A Bastard’s Tale is an old school hack and slash that tries to make a name for itself simply by being difficult and using that to mask the lack of true content or depth. The repeated deaths stretch twenty minutes of gameplay across two hours of frustration. My quarrel with the game is not so much that it is hard, but it is with HOW it is hard. Hard games are my bread and butter when done correctly, this is hard mostly due to poor mechanics, atrocious hit boxes and difficult to decipher enemy movements. Combat is theoretically simple, enemies can swing from the left, right or above and you have to block accordingly using directional buttons. Your attacks are the same and the enemies must also block in the same manner. This would be clever if you were able to see where those attacks are coming from (which half the time is impossible) and if the hit boxes were programmed appropriately. One minute you may be putting a hurt on your enemies with some well timed swings, the next you are completing the same swings and whiffing on thin air.
These mechanics make A Bastard’s Tale so frustrating that it becomes difficult to play. There is a large variety of enemies throughout the game, but instead of looking at each like a new challenge to learn and overcome, you go in hoping your luck holds long enough to defeat each one. From starter enemies like farmers and cows to end game enemies like black knights and sorcerers, death comes often and unfairly. The game keeps a count of your failures for you and displays them often enough that you see the numbers in your sleep. Again, please don’t misunderstand. I love difficult video games, but there is a large difference between good and bad difficult.

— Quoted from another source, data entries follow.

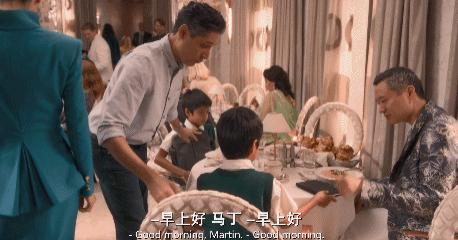 奉俊昊全球十个最具潜力的导演,奉俊昊心中最有潜力导演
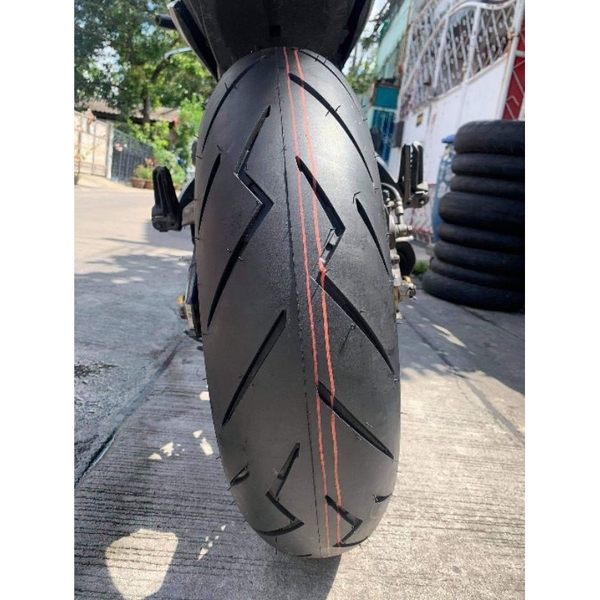 lop-160-60-17-yamaha-r3-kawasaki-ninja-honda-cbr500r-suzuki-gsx-r150-gsx-r250-kt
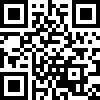 https://ru.abna24.com/xhghn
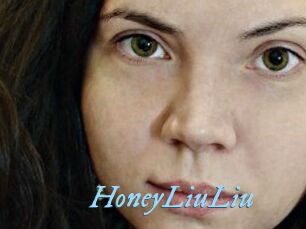 Honey_Liu_Liu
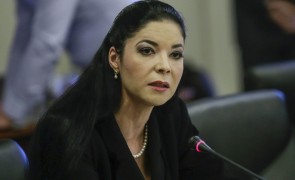 Ministrul Justiției, față în față cu procurorul general al SUA. Ce au discutat cei doi oficiali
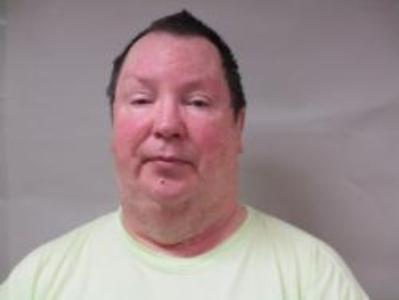 Randall M Woodard a registered Sex Offender of Wisconsin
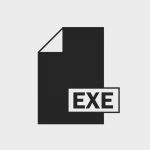 Channel.exe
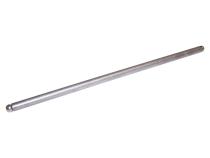 Engine Intake or Exhaust Push Rod for 1987-2006 Jeep Models w/ 4.0L Engine Crown Automotive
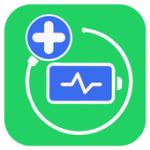 Power Doctor Battery Saver For PC Windows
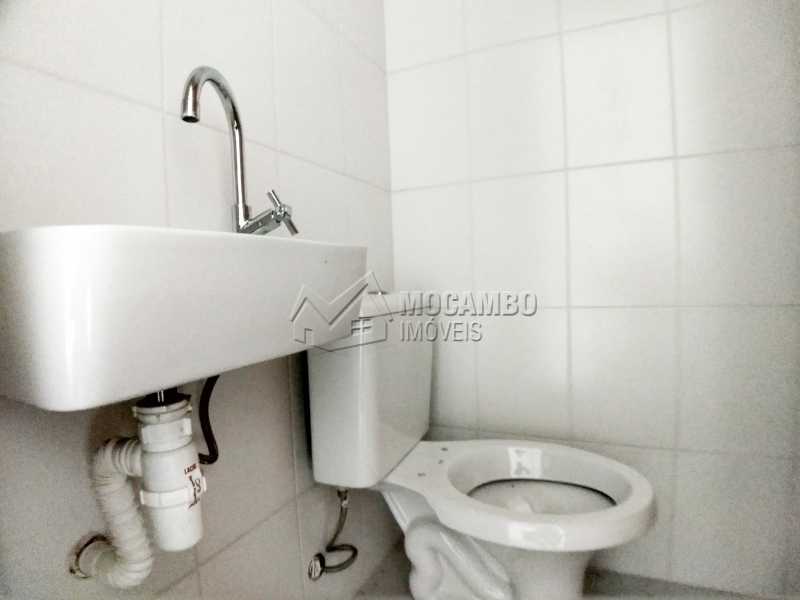 Conheça Banheiro Social do imóvel - Sala Comercial 36m² para alugar Itatiba,SP - R$ 1.200 - FCSL00177 - 4 Banheiro Social - Sala Comercial 36m² para alugar Itatiba,SP - R$ 1.200 - FCSL00177 - 4
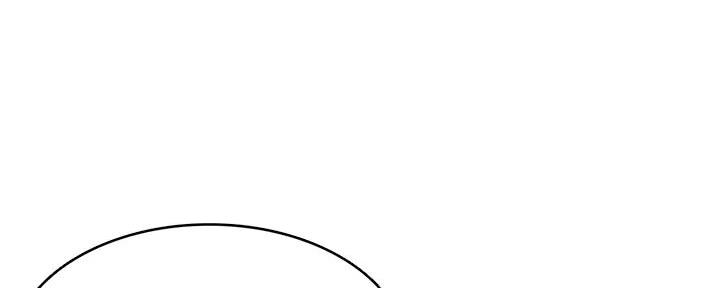 宿舍漫画全集漫画,第120话118图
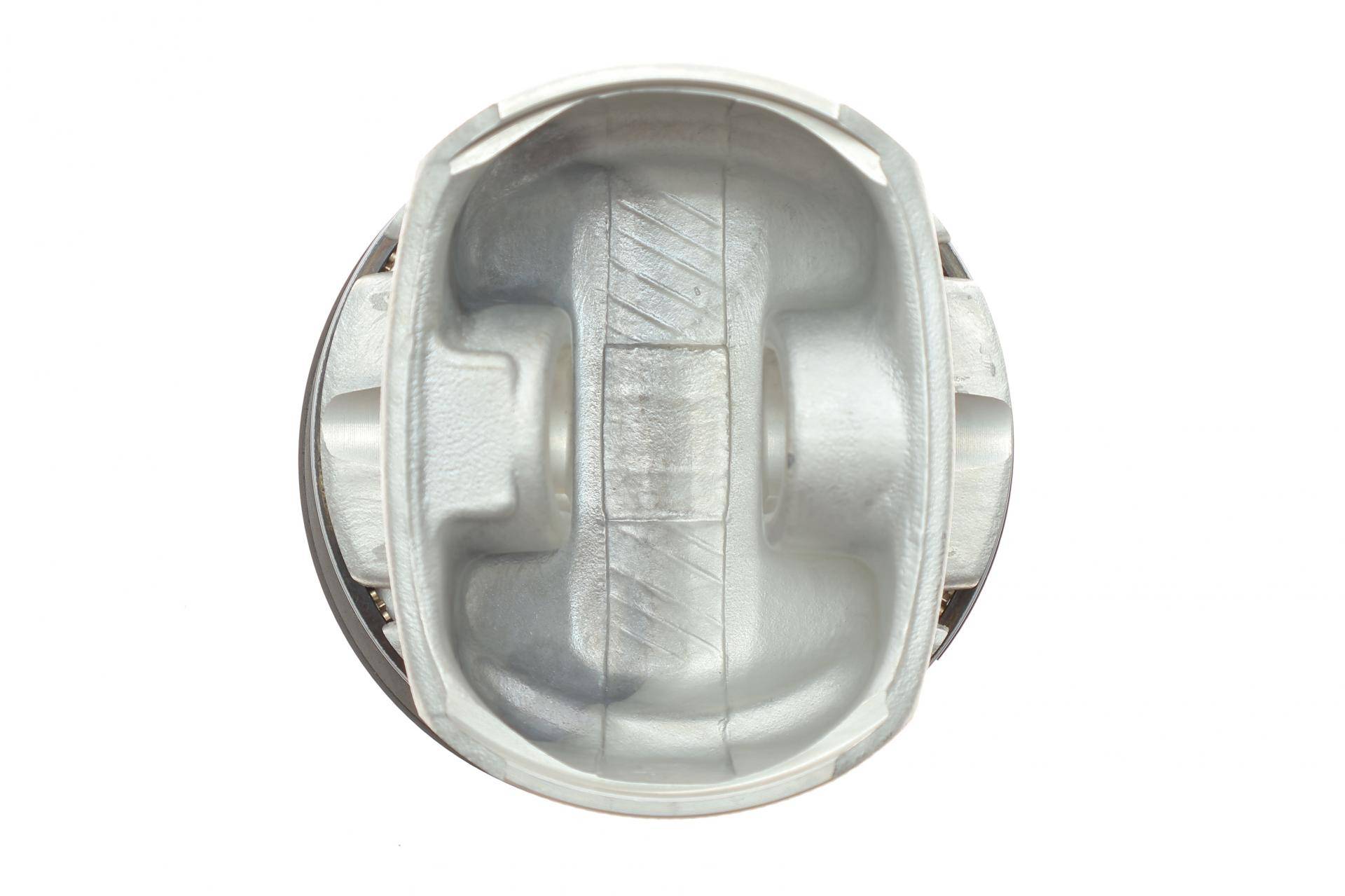 Поршень Opel Astra/Vectra/Combo 1.6i 01- (79.00mm/STD)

A Bastard’s Tale has a redeeming price tag however, coming in at $4.99. This is less than some phone apps you can purchase and certainly a reasonable price for two hours of time. People flock to movie theatres to get matinee pricing that doesn’t beat that. However you must weigh whether or not you will enjoy that two hours, regardless of how much money it costs you to do so. To me, there just isn’t enough content and what’s there isn’t enjoyable enough to justify spending $0.99, much less spending $5.
A Bastard’s Tale is another example in a long line of games trying to capitalize on gamers love for a harsh, punishing challenge. They successfully capture the aesthetic and feel of a classic game while making it clear that it wasn’t made a decade ago with the amount of on screen visuals they are able to achieve, even if it is pixelated. There is a group of people out there who I am sure will love this game and its punishingly broken mechanics and difficulty, I simply am not one of them.